The actual link against the Module's exported target goes in your application's subdirectory CMakeLists.txt (the file add_holohub_application adds via add_subdirectory(my_app)):

# my_app/CMakeLists.txt
add_executable(my_app main.cpp)
target_link_libraries(my_app PRIVATE holoscan::my_sensor_op)

Notes:

  • The first positional argument to holohub_declare_external_module is a CMake-identifier-safe provider id (hyphens are replaced with underscores by convention). The remaining keyword args (GIT_REPOSITORY, GIT_TAG, etc.) are forwarded to FetchContent_Declare.
  • The Module's generated root CMakeLists.txt detects nested builds via PROJECT_IS_TOP_LEVEL and defaults BUILD_ALL=OFF; only the operators you list in add_holohub_application(... DEPENDS OPERATORS …) are built. Tests are similarly off by default (<MODULE_NAME>_BUILD_TESTING=OFF).
  • Compared to Path A (the CLI-driven flow), this path is equivalent in build output — the CLI's resolver emits the same holohub_declare_external_module(...) call into a generated manifest. Choose Path A if you want declarative metadata and the rest of the CLI's lifecycle commands; choose this path if you want the dependency expressed directly in CMake.

Appendix B: In-tree Module Dependencies (HoloHub Subproject)#

An in-tree Module is a thin descriptor inside the HoloHub monorepo whose operator sources live in operators/<name>/ rather than a separate git repository. See modules/holoscan-gstreamer/ for the canonical reference. This path is documented primarily for legacy operator contributions and is not recommended for most new operator contributions.

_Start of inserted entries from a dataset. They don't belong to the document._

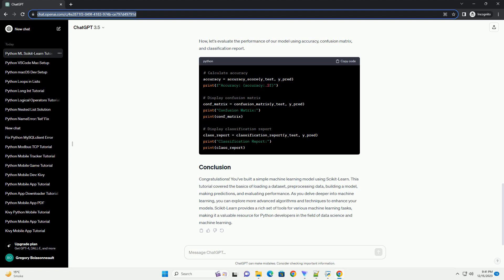Before getting started, make sure you have Python installed on your machine. You can download Python from python.org. Additionally, install the required libraries using the following command. Let's start by importing the necessary libraries and loading a sample dataset. For this tutorial, we'll use the famous iris dataset, which is included in scikit-learn.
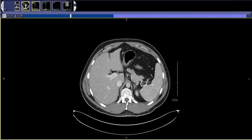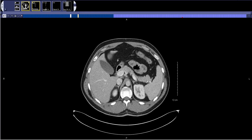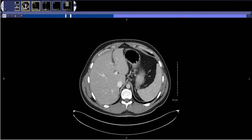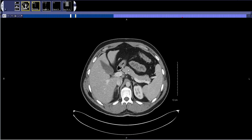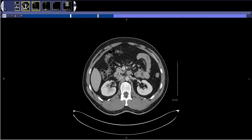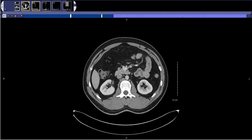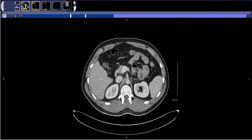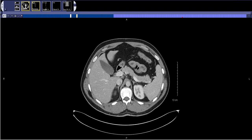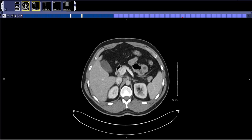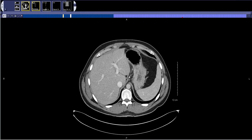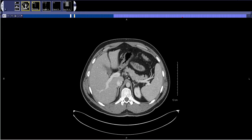After I've looked at the spleen, I move on to the pancreas. While I'm looking at the pancreas I'm looking for any masses, I'm looking for the pancreatic duct, and then I'm usually also looking at the splenic vessels and portal vein to make sure they're patent.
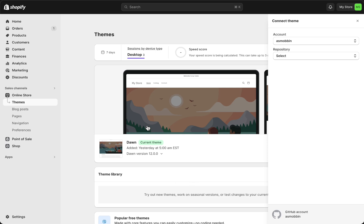Now GitHub is connected and I will show you how to add a theme from GitHub to Shopify.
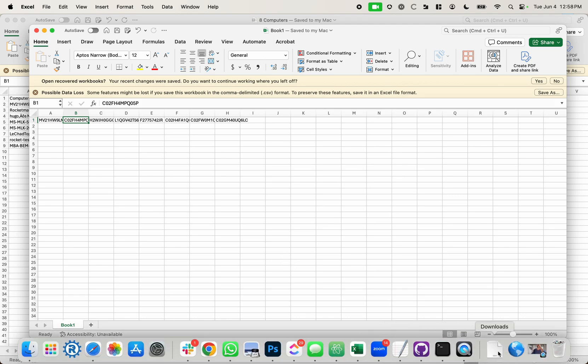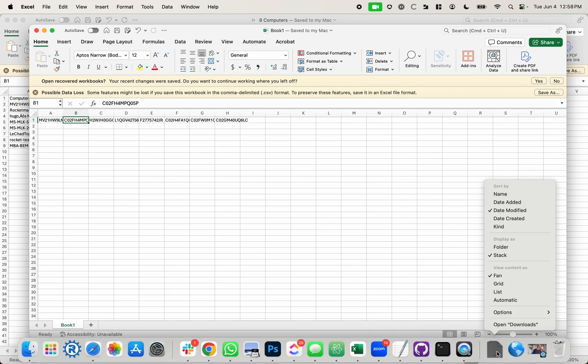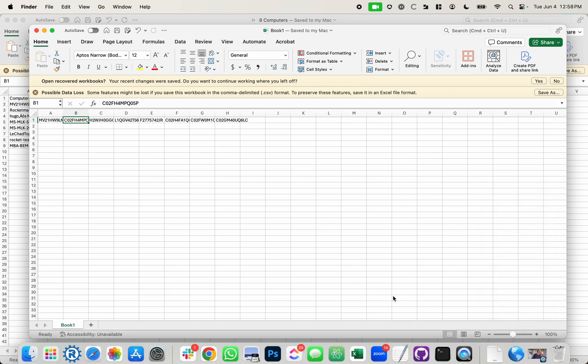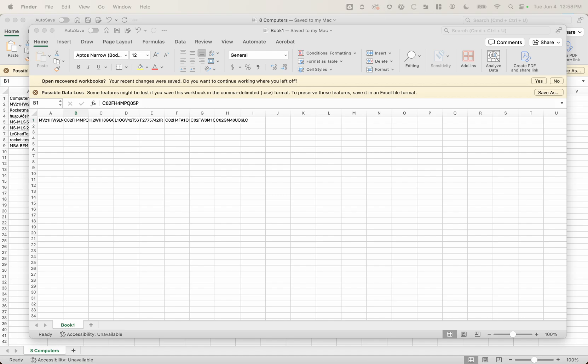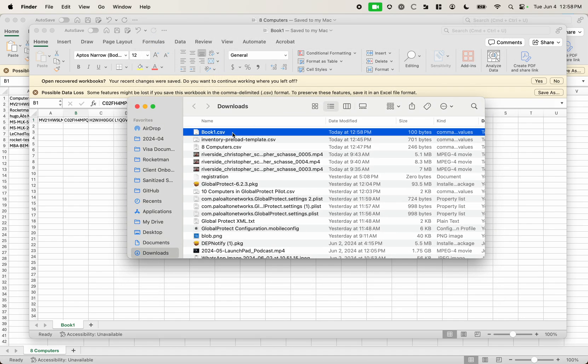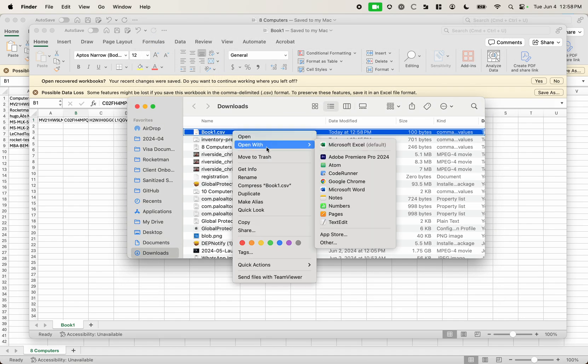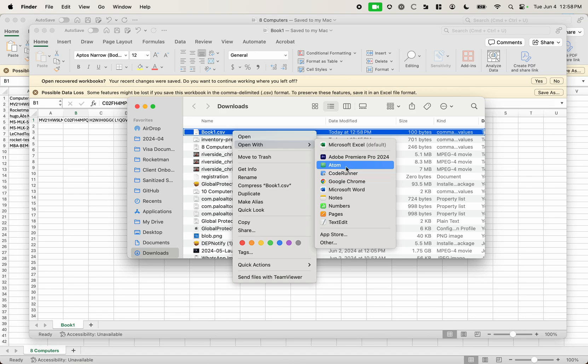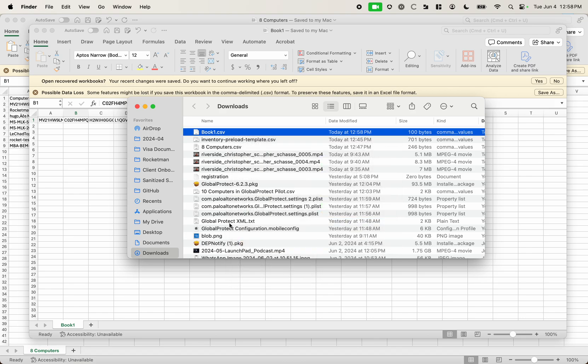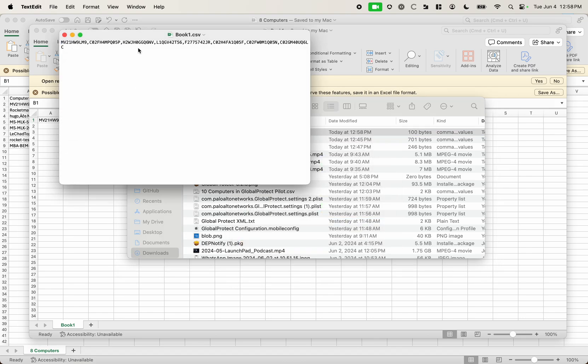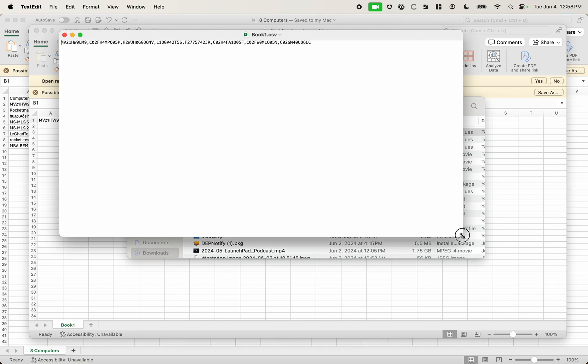Then I need to open this. So I'm going to open it in a text editor. I'll just do text edit just for this example. And now you can see that has all these serial numbers in here and each of them are separated by a comma.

To consume an in-tree Module from a HoloHub subproject (Path A), omit the source block in metadata.json. The resolver looks the Module up under modules/<name>/metadata.json and uses the in-tree sources directly.

{
  "application": {
    "name": "my_app",
    "dependencies": {
      "modules": [
        { "name": "holoscan-gstreamer", "provides_operators": ["gstreamer"] }
      ]
    }
  }
}

The source.{git_url, ref} field is required only for external Modules; omit it entirely for in-tree Modules. Everything else — the build command (./holohub build my_app), the local-override mechanism (HOLOHUB_LOCAL_*), and the operator import — is identical to the external-Module flow in Path A.

See modules/holoscan-gstreamer/metadata.json for a live in-tree Module you can add as a dependency to verify your tooling end-to-end.